Many a times, the delays in the “conceptualisation to implementation” in the required fiscal changes or announced fiscal changes has also led to many projects getting delayed. Nigeria has also been plagued by the pipeline vandalism which has resulted in millions of barrels lost to oil spills and environmental issues. The major Nigeria onshore operator – Shell plc has been often faced with legal actions in the recent past.
In this regard, Africa’s upstream sector can see a significant change if the oil and gas majors that are lined up to shed assets in key producing nations eventually divest their portfolios to the relatively lesser known and lesser funding rich indigenous companies.
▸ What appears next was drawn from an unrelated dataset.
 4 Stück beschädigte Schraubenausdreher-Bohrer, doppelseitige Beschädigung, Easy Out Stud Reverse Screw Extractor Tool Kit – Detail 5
Large international players have long been the driving force of the sector in the region – mostly notably in OPEC members Nigeria and Angola.
Many local players have already bought into or are reported to be actively bidding for the assets put up for sale by majors, particularly in Nigeria and Angola. Five companies – Sahara Group, Seplat Energy, Famfa Oil, Nigeria Delta Exploration & Production (NDEP) and Troilus Investments – are reportedly planning to bid for Shell’s stakes in as many as 19 oil mining leases (OML) in Nigeria, where the deadline for submitting bids is 31 January this year.